# Low Power Trellis Decoder with Overscaled Supply Voltage

Yang Liu\*, Tong Zhang\*, and Jiang Hu<sup>†</sup> \* ECSE Department, Rensselaer Polytechnic Institute, Troy, NY <sup>†</sup> Department of ECE, Texas A&M University, College Station, TX

*Abstract*— This paper is interested in applying voltage overscaling (VOS) to reduce trellis decoder energy consumption, where the key issue is how to minimize the decoding performance degradation due to VOS-induced errors. Based on the fact that the integrity of different bits in the trellis state metric has (largely) different effect on the overall trellis decoding performance, we proposed an importance-aware clock skew scheduling technique that assigns those more important bits with longer timing slacks and hence better immunity to VOS-induced errors. This will provide system-level tolerance to VOS-induced errors in trellis decoders. With Viterbi and Max-Log-MAP decoders as test vehicles, we demonstrated that about 30% energy savings on trellis state metric computation can be realized with negligible decoding performance degradation.

### I. INTRODUCTION

Voltage scaling is an effective means of reducing energy consumption in CMOS integrated circuits (IC). In conventional practice, voltage scaling is lower bounded by  $V_{dd-crit}$  under which the critical path delay equals the desired clock period. Overscaling supply voltage below V<sub>dd-crit</sub> will result in logic errors. Leveraging the fact that most digital signal processing (DSP) functions mainly concern certain quantitative performance criteria, such as bit error rate (BER) and signal to noise ratio (SNR), Shanbhag [1] proposed a design methodology called arithmetic noise-tolerance (ANT) to enable the use of voltage overscaling (VOS) in DSP IC to further reduce the energy consumption. The key idea of ANT is to apply a separate and simple error control block to compensate the signal processing performance degradation due to the VOS-induced errors. Its effectiveness has been successfully demonstrated for various filters [2]–[4] and fast Fourier transform (FFT) [5]. However, this methodology is not directly applicable to the family of trellis decoding, where an explicit error control block is not readily available.

This work proposed a technique to enable the use of VOS in trellis decoding.

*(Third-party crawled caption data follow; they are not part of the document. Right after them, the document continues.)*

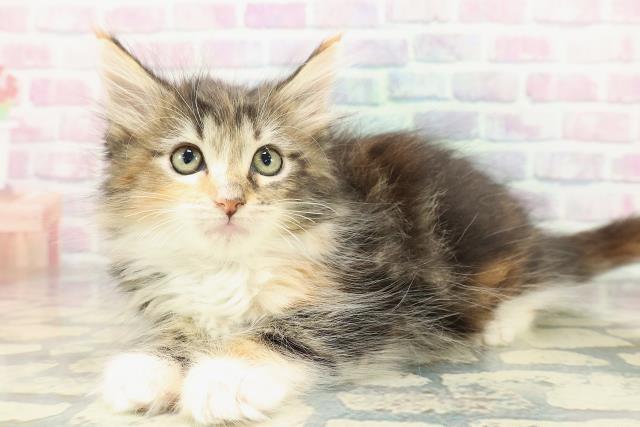 北海道のメインクーン (Coo&RIKU北見店/2025年12月25日生まれ/女の子/ブラウンパッチドタビーホワイト)の子猫の2枚目の画像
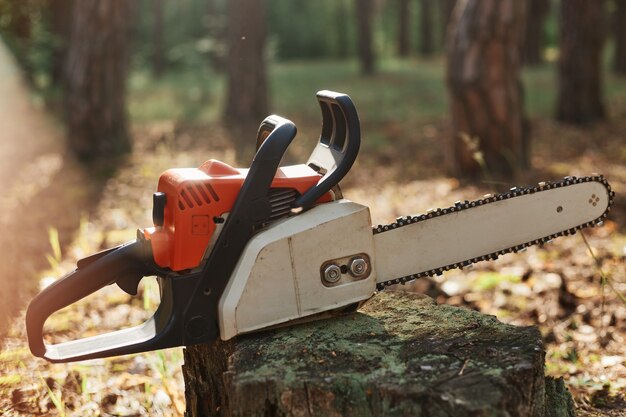 Gros plan extérieur tourné de tronçonneuse sur souche en bois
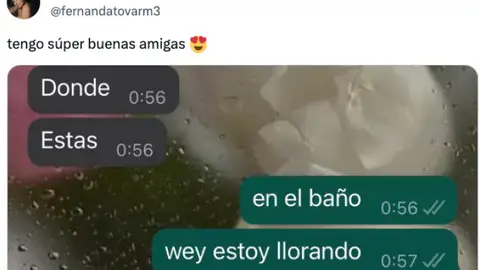 La brutal respuesta de sus amigas por WhatsApp cuando les dice que está en el baño La brutal respuesta de sus amigas por WhatsApp cuando les dice que está en el baño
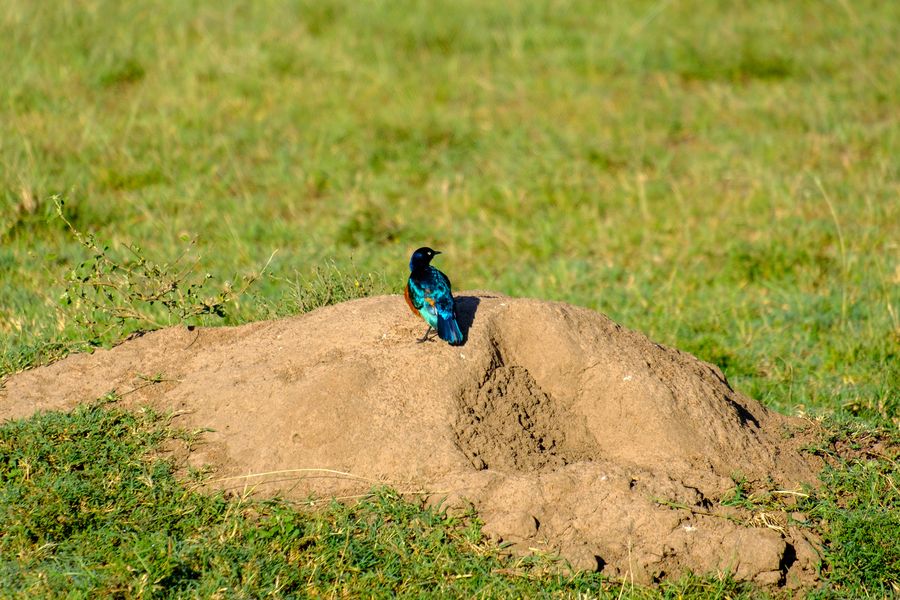 Superb Starling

Although it follows the same principle behind ANT, i.e., to provide system-level tolerance to VOS-induced errors, this proposed technique applies a fundamentally different approach to realize such system-level error tolerance. In synchronous circuits, whether a path is subject to potential VOS-induced errors is determined by its timing slack that depends on both the path propagation delay and the clock skew (i.e., the clock arrival time difference) between the state holding elements at the two ends of this path. Path timing slacks can be adjusted by intentionally tuning the clock skews, which is called clock skew scheduling [6]–[8]. Conventionally,

clock skew scheduling has been used as a physical level implementation technique that is completely separate from higher level system and architecture design.

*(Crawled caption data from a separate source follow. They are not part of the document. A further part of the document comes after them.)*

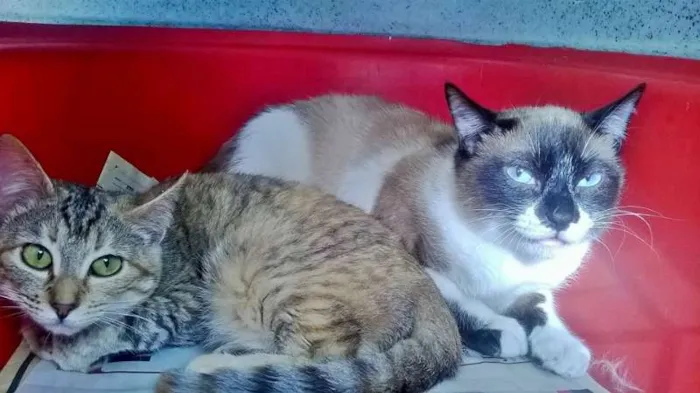 Gato ra a sem raça definida idade 2 a 6 meses nome Nina e Andy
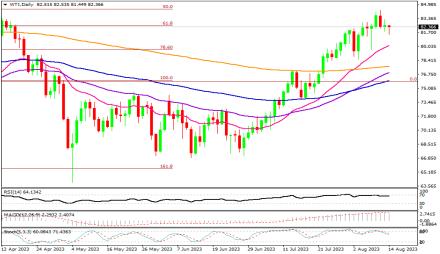 Daily Forex Guide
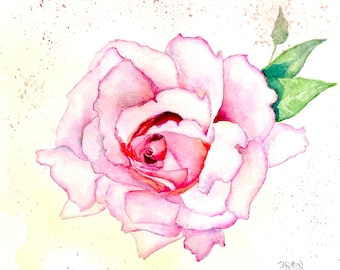 Pinkness, Rose Watercolor Painting 9x7.5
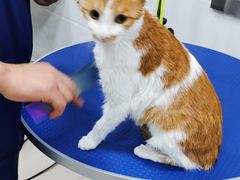 -佳雯宠物医院(金华南路分院)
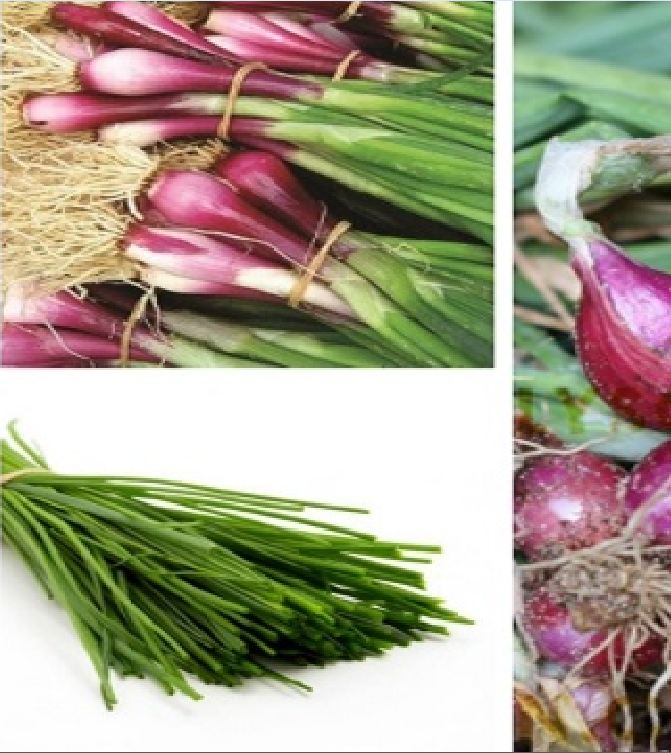 Hạt giống hành gốc tím cao sản - gói 2gram(1150 hạt)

Intuitively, in most DSP functions (including trellis decoding), VOS-induced errors on different paths may lead to (largely) different signal processing performance degradation. This leads to the *key idea* of this work: we apply the clock skew scheduling in such an importance-aware manner that those more important paths have larger timing slacks and hence are more immune to VOS-induced errors. Therefore, the signal processing performance degradation due to VOSinduced errors can be minimized. Such importance-aware clock skew scheduling can be realized by incorporating an application-dependent parameter, called importance factor, that quantifies the importance of each individual circuit signal regarding to the overall signal processing performance. A random perturbation method is proposed to quantitatively determine such importance factors. This technique has been applied to convolutional code Viterbi decoder and Turbo code Max-Log-MAP decoder. Simulation results show that, under aggressive VOS, it can reduce the energy consumption on trellis state metric computation by about 30% while maintaining almost the same trellis decoding performance.

### II. BACKGROUND

#### A. Conventional Clock Skew Scheduling

As illustrated in Fig. 1, in a synchronous circuit, clock skew is defined as the time difference,  $s_{i,j} = t_i - t_j$ , between the clock arrival times  $t_i$  and  $t_j$  of two sequentially adjacent flipflops (FFs),  $FF_i$  and  $FF_j$ . Let  $T_{CP}$  denote the clock period, and  $D_{MAX}^{i,j}$  and  $D_{min}^{i,j}$  denote the maximum and minimum propagation delays from  $FF_i$  and  $FF_j$ , respectively. The value



Fig. 1. Example synchronous digital circuits.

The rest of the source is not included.